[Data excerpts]

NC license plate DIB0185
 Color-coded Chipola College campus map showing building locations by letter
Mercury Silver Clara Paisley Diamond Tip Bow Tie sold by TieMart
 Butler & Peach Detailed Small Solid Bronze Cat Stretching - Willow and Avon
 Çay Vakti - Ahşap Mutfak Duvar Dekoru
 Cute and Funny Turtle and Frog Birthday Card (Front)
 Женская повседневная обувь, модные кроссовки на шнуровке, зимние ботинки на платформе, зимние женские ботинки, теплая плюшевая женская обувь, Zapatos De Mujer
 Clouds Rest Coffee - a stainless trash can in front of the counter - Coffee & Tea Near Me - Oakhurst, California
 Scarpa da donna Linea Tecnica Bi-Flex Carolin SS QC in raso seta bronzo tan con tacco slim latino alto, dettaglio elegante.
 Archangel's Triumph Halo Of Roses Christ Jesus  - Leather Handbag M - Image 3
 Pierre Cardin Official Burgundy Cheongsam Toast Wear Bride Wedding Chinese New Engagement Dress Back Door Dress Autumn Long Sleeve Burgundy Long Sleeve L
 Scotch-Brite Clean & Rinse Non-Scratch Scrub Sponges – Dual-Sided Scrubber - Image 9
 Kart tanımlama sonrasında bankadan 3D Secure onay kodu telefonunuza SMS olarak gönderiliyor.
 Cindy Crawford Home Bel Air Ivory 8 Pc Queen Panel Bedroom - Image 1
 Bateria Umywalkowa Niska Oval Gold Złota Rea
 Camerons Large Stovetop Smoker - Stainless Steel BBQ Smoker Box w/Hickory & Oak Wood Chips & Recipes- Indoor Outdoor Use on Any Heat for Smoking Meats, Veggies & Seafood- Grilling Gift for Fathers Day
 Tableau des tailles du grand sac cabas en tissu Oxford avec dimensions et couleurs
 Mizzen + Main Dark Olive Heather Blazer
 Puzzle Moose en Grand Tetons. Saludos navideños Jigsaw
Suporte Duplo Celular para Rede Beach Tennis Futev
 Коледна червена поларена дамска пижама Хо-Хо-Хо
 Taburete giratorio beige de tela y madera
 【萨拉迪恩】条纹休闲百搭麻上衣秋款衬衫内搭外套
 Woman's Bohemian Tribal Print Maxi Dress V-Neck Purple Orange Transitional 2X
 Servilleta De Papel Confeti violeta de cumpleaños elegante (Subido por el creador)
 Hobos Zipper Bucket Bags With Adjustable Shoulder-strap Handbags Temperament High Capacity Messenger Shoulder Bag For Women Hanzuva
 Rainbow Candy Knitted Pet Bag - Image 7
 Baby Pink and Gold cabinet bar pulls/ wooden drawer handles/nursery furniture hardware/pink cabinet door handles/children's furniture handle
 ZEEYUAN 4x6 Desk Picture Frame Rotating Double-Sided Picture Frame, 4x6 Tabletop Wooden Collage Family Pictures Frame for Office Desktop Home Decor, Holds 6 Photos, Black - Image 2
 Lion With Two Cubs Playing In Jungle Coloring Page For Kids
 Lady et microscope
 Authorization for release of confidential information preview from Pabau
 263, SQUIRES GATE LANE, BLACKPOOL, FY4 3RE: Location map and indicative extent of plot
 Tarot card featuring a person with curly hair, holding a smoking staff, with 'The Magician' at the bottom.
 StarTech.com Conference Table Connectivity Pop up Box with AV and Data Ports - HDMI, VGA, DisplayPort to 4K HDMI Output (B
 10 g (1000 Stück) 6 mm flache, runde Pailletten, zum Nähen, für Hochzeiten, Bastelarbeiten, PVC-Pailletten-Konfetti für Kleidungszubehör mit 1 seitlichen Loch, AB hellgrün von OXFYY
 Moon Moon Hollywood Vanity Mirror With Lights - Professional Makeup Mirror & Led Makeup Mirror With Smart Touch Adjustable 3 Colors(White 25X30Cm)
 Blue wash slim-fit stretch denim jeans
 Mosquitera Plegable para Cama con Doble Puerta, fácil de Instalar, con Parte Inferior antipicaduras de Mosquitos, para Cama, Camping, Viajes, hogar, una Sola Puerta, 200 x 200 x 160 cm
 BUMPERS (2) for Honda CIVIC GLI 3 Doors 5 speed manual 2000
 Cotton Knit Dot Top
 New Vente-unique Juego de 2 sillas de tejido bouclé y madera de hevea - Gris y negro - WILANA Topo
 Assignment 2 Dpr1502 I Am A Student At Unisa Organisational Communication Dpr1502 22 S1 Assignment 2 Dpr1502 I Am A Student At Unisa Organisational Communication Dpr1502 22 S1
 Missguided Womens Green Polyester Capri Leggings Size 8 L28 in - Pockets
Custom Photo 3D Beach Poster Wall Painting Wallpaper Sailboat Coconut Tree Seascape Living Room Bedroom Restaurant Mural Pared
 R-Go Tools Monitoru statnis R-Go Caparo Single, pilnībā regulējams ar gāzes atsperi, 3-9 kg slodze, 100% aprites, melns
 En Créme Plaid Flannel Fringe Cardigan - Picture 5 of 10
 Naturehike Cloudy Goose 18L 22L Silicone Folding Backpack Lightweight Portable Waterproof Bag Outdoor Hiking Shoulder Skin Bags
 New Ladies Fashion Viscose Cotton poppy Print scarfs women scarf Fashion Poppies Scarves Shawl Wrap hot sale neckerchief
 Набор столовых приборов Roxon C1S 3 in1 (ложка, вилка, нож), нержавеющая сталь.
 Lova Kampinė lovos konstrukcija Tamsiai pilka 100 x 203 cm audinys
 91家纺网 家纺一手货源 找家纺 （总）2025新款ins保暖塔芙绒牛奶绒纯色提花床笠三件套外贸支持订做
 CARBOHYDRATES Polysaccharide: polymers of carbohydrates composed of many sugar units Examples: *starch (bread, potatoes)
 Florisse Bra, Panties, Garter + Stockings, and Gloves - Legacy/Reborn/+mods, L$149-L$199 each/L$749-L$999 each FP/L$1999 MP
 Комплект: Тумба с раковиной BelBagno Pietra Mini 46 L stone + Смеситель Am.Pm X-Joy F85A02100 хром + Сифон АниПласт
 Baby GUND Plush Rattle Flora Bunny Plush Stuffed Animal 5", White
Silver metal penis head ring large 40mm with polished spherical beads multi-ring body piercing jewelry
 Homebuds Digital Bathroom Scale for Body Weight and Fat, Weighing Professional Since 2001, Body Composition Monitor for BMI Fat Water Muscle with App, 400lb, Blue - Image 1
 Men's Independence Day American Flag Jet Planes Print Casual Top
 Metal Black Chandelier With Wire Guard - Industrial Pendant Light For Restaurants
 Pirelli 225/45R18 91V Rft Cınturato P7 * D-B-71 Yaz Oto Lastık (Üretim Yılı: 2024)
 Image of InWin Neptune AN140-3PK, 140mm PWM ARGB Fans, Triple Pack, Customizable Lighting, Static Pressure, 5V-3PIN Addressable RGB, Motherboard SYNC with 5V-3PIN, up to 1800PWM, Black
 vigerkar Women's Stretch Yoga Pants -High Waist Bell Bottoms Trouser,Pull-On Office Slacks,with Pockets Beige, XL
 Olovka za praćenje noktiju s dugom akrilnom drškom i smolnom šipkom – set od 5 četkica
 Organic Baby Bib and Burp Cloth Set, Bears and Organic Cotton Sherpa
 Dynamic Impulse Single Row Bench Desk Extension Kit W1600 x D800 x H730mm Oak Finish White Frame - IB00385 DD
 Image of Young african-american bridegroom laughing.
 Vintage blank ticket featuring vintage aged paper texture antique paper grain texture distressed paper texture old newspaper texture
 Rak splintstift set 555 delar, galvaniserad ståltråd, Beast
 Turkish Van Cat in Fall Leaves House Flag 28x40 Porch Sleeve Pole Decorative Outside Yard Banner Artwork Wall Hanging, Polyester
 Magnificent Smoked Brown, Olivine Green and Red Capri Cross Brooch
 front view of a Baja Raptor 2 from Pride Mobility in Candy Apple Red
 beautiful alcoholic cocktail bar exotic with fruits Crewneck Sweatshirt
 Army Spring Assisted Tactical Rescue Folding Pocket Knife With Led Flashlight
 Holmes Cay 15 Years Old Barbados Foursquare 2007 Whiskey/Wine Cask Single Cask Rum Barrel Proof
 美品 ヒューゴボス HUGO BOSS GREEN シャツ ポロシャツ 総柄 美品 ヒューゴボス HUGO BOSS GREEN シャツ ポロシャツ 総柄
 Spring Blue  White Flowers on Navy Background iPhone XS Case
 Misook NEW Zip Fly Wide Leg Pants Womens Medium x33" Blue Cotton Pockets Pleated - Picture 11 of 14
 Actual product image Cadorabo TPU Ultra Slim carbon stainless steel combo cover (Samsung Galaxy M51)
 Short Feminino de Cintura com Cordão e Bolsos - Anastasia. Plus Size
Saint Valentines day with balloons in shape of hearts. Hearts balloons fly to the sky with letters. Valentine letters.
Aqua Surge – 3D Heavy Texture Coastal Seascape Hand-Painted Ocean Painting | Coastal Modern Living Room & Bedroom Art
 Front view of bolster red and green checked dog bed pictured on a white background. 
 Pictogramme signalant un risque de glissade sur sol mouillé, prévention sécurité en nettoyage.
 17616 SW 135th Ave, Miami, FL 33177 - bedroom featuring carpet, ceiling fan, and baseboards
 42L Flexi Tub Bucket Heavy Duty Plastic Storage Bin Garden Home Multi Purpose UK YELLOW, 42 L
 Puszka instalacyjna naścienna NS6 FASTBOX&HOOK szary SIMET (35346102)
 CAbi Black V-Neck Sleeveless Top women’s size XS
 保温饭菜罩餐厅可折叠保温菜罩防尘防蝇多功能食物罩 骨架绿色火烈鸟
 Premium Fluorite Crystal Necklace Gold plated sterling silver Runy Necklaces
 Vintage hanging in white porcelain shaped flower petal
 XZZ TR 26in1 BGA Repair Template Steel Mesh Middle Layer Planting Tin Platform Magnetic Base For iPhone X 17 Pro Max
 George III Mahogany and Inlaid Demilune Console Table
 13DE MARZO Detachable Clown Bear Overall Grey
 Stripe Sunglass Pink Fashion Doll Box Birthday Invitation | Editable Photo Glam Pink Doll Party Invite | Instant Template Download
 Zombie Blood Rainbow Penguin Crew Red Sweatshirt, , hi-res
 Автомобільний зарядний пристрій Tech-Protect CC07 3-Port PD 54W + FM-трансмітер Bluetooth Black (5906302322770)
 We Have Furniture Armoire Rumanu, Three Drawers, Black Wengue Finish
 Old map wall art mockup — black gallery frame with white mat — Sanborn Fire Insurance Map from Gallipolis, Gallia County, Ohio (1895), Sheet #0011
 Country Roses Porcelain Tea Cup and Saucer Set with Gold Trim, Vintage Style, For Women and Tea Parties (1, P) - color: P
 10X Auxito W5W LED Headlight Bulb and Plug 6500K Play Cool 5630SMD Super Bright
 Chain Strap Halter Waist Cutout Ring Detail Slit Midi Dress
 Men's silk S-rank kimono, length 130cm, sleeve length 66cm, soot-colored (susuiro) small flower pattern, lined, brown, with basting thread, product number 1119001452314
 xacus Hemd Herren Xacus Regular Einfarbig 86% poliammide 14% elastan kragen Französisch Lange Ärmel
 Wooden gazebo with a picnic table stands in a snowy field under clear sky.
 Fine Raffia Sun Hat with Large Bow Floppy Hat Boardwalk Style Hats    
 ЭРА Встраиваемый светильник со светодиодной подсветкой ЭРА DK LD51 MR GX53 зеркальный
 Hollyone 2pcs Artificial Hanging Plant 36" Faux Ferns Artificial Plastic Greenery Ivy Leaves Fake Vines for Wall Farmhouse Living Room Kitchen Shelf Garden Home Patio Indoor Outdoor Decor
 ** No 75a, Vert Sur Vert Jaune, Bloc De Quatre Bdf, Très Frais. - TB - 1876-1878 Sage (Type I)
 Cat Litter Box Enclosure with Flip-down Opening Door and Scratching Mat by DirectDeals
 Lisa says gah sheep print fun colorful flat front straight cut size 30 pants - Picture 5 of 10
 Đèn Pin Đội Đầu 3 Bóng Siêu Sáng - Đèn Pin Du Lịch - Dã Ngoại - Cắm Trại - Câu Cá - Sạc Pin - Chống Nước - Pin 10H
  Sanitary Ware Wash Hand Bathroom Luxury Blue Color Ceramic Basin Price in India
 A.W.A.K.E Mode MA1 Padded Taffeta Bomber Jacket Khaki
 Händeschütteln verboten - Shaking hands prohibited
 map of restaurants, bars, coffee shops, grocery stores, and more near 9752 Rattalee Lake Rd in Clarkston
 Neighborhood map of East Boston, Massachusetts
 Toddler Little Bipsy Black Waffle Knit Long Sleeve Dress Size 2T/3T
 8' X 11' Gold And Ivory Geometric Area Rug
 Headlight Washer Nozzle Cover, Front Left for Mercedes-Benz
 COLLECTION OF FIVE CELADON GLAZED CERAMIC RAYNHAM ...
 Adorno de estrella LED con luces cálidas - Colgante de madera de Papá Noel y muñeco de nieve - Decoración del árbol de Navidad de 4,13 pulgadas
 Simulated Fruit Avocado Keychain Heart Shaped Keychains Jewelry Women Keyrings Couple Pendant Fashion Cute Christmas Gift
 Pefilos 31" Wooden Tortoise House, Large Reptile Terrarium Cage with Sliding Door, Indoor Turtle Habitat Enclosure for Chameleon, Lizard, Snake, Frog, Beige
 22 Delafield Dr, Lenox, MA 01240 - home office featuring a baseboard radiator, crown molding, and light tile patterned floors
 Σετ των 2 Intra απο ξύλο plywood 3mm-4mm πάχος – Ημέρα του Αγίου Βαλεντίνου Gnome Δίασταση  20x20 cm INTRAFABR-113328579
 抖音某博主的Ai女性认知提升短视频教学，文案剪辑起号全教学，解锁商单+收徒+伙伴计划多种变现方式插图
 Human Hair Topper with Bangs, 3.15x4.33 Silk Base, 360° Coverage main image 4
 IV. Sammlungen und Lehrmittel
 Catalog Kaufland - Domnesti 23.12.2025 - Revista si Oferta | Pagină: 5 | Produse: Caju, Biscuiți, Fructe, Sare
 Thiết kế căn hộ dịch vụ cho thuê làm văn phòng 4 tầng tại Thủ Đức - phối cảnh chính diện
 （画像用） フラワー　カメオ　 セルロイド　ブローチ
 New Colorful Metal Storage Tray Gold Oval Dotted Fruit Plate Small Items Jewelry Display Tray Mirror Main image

# [PROMPT]
All that is wanted is the stretch of lines above from the one containing "Simulated Fruit Avocado" through the one containing "Catalog Kaufland - Domnesti", duplicated exactly.

# [OUTPUT FOR THIS EXERCISE]
 Simulated Fruit Avocado Keychain Heart Shaped Keychains Jewelry Women Keyrings Couple Pendant Fashion Cute Christmas Gift
 Pefilos 31" Wooden Tortoise House, Large Reptile Terrarium Cage with Sliding Door, Indoor Turtle Habitat Enclosure for Chameleon, Lizard, Snake, Frog, Beige
 22 Delafield Dr, Lenox, MA 01240 - home office featuring a baseboard radiator, crown molding, and light tile patterned floors
 Σετ των 2 Intra απο ξύλο plywood 3mm-4mm πάχος – Ημέρα του Αγίου Βαλεντίνου Gnome Δίασταση  20x20 cm INTRAFABR-113328579
 抖音某博主的Ai女性认知提升短视频教学，文案剪辑起号全教学，解锁商单+收徒+伙伴计划多种变现方式插图
 Human Hair Topper with Bangs, 3.15x4.33 Silk Base, 360° Coverage main image 4
 IV. Sammlungen und Lehrmittel
 Catalog Kaufland - Domnesti 23.12.2025 - Revista si Oferta | Pagină: 5 | Produse: Caju, Biscuiți, Fructe, Sare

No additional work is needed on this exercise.